Hutcheon’s definition of “adaptation” is at once too broad and too narrow.  Her brief statements on “What Is Not an Adaptation?” are welcome yet imprecise and contradictory.  What is worse, her definition is at times arbitrary.   She states, for instance, that “fan fiction” is not a form of adaptation, offering no explanation for its exclusion.

I agree with Hutcheon that adaptations need to be readable as a version, an acknowledged take on or taking of something we perceive as same yet different.  Adaptations are not copies, and, as spurious as they may sometimes strike us, they are not fakes, either.

Hutcheon distinguishes between parody and adaptation, claiming that the former does not need to be acknowledged.  If unacknowledged, parodies – or any other form of adaptation – cannot operate qua adaptation.  They are like irony in that respect.  You just can’t be ironic all by yourself.  Any dance of the index fingers needs an audience.

As I see it, adaptations, be they parodies or pastiche, anarchic or reverent, have to exist as concrete products – rather than ideas or themes – that are distinct from yet related to other products with which they engage or from which they openly borrow in more or less creative acts of transformation.

Am I an adaptation?

Hutcheon, who does not insist on a change in medium as a criterion for adaptation, cites a source that identifies as a “new entertainment norm” the “process where integral elements of a fiction get dispersed systematically across multiple delivery channels for the purpose of creating a unified and coordinated entertainment experience.”  The resulting products are not meant to exist independently but serve as a deliberate fragmentation for the sake of maximizing market potential and profits by increasing the potential audience.  Is this still adaptation?
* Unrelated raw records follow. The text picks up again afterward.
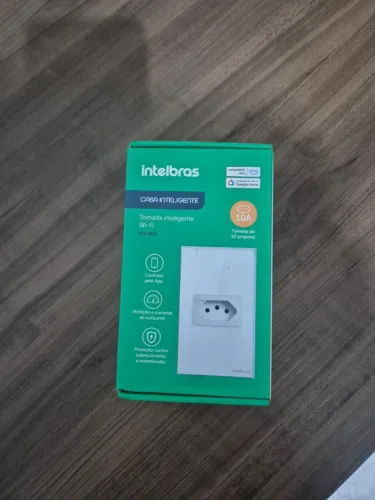 Tomada Inteligente Wi-Fi ETS 1001 Branco Intelbras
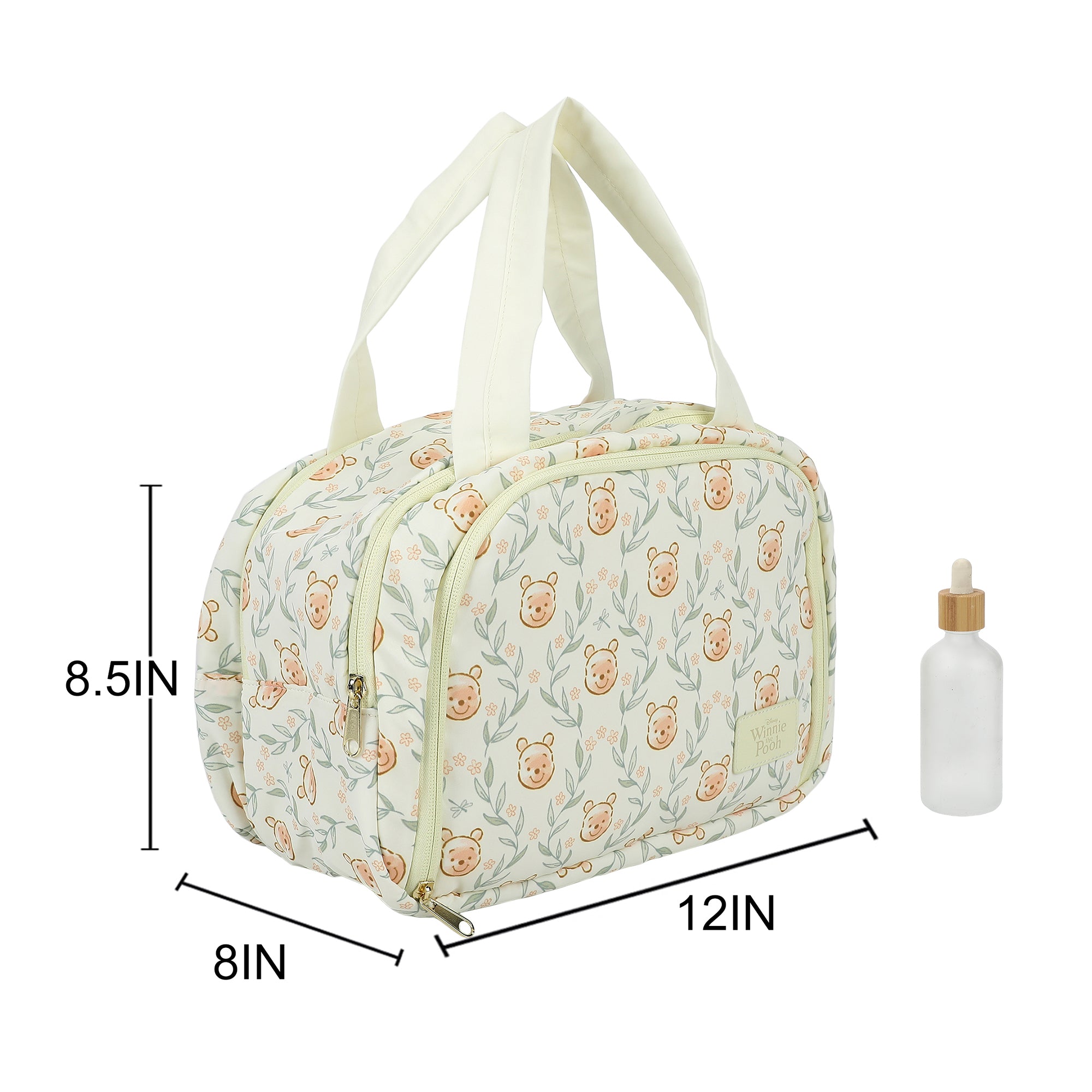 Winnie The Pooh Large Cosmetic Bag for Travel and Daily Use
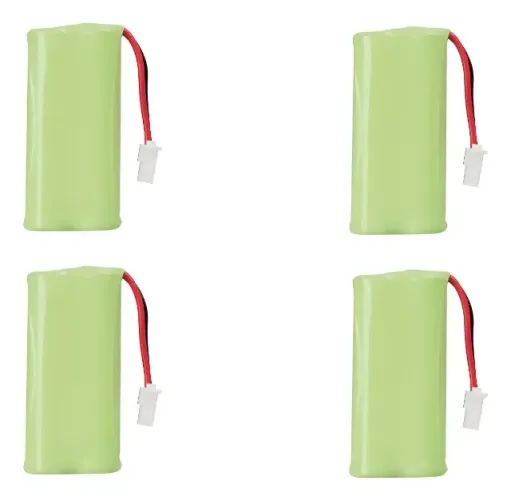 Kit 4 Bat Eria Recarregavel Ts 3110 Ts3111 Ts 3130 Intelbras Verde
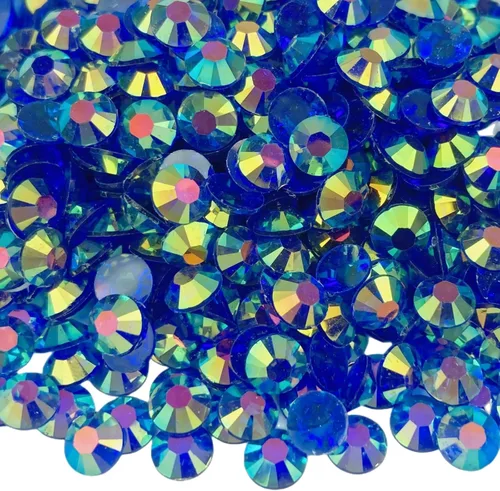 Vista 9 de Diamantes de imitación de resina con parte trasera plana, 10000 diamantes de imitación redondos de resina AB de 0.118 pulgadas para ropa, botellas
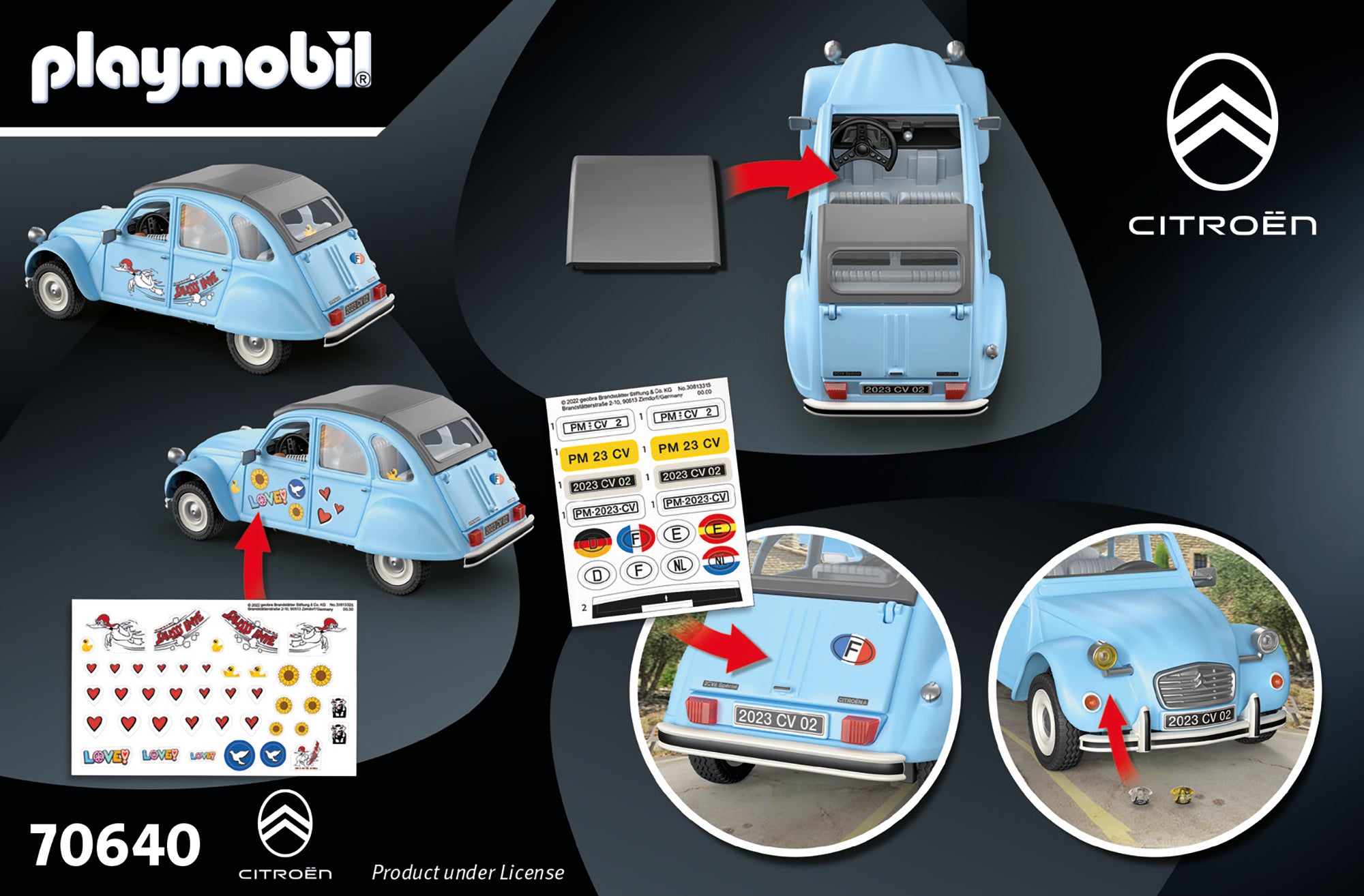  Playmobil 70640 Citroën 2CV- New 2023 : Toys & Games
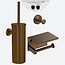 Toiletaccessoireset 3-delig Koper
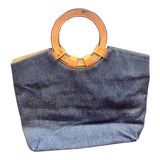 Hunting World Denim , Leather Handle Bag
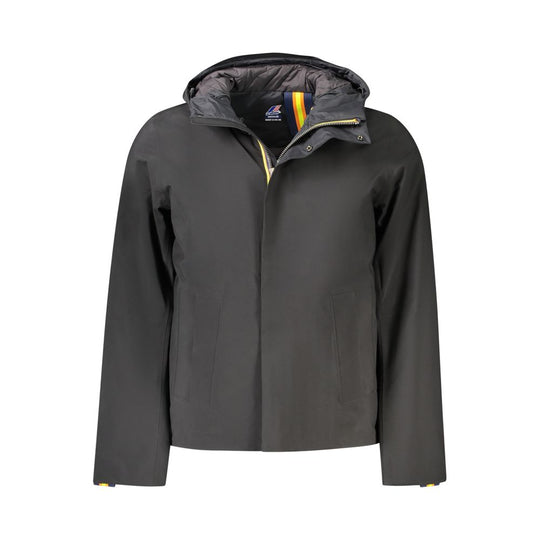 K-WAY Schwarze Polyester-Jacke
Perhaps, if the audience rejects to buy the lot.

Buying the lot is something I rarely do.  I pick and choose, take apart and transform according to my own desires and limitations.  And pick apart I must when I read Hutcheon’s comments on radio drama as a form of “showing” like “all performance media,” at which point her study recommends itself for recycling as pulp.  Anyone who appreciates the hybridity of radio plays would balk at such simplifications.

Trying to make a case for elevating their cultural status, Hutcheon asks: “If adaptations are … such inferior and secondary creations why then are they so omnipresent in our culture and, indeed increasing steadily in number?” Well, junk food is “omnipresent” – and so are feebly argued studies – which does not make either any less “inferior.”  Besides, the question is not whether adaptations are good, bad or indifferent.  The question is: what are and what ain’t they?